### YOUR TASK:
Give the data below again exactly as written, without its pictures.

### GIVEN MATERIAL:
+ + + + +
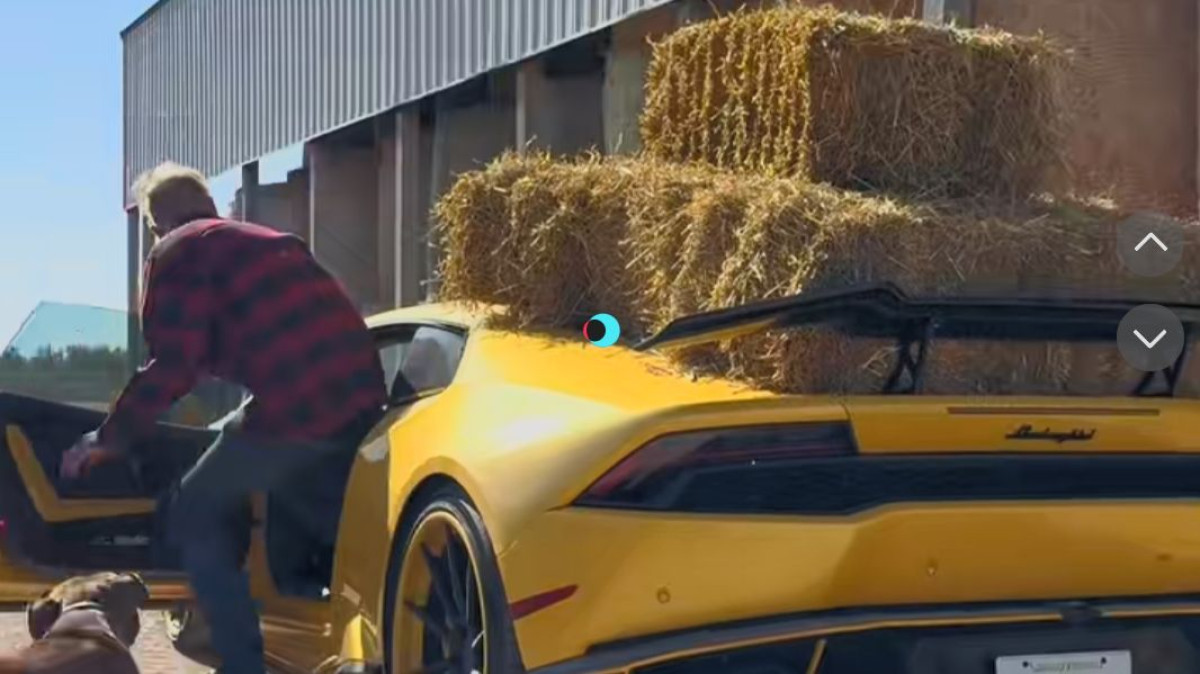 Una Lamborghini che torna alle origini: un trattore col ruggito V10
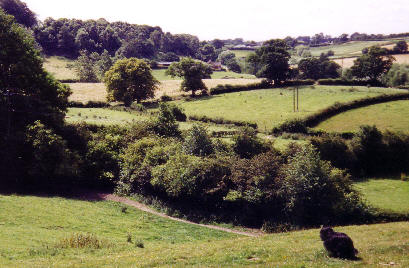 pp91f02c1c.jpg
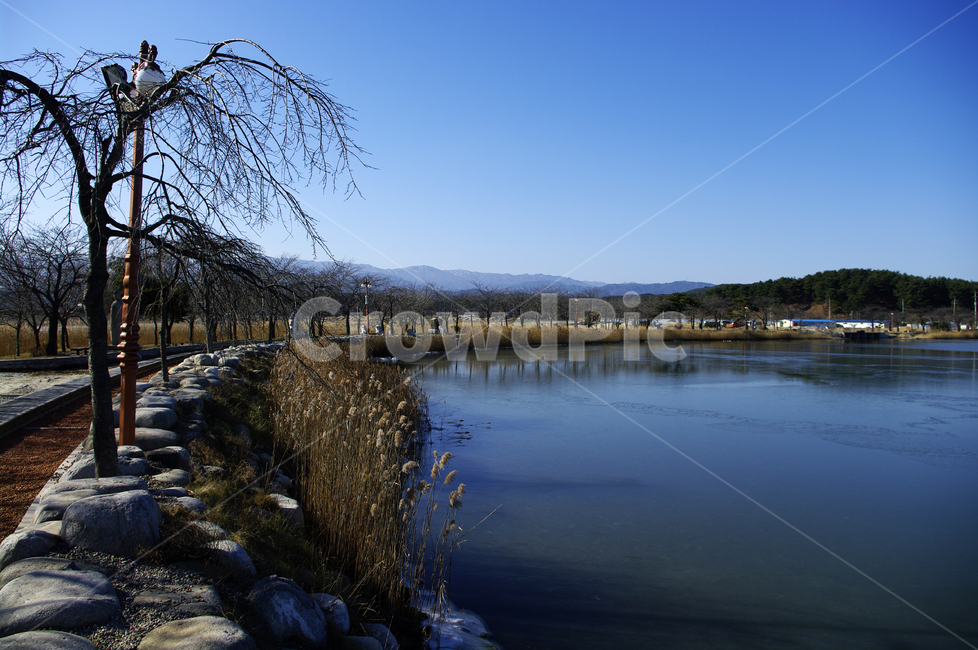 호수,갈대,식물,plant,겨울,나무,겨울,계절,winter,season,자연,풍경,nature,landscape,water,물,outdoors,옥외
+ + + + +
### WRITTEN SOLUTION:
 Una Lamborghini che torna alle origini: un trattore col ruggito V10
 pp91f02c1c.jpg
 호수,갈대,식물,plant,겨울,나무,겨울,계절,winter,season,자연,풍경,nature,landscape,water,물,outdoors,옥외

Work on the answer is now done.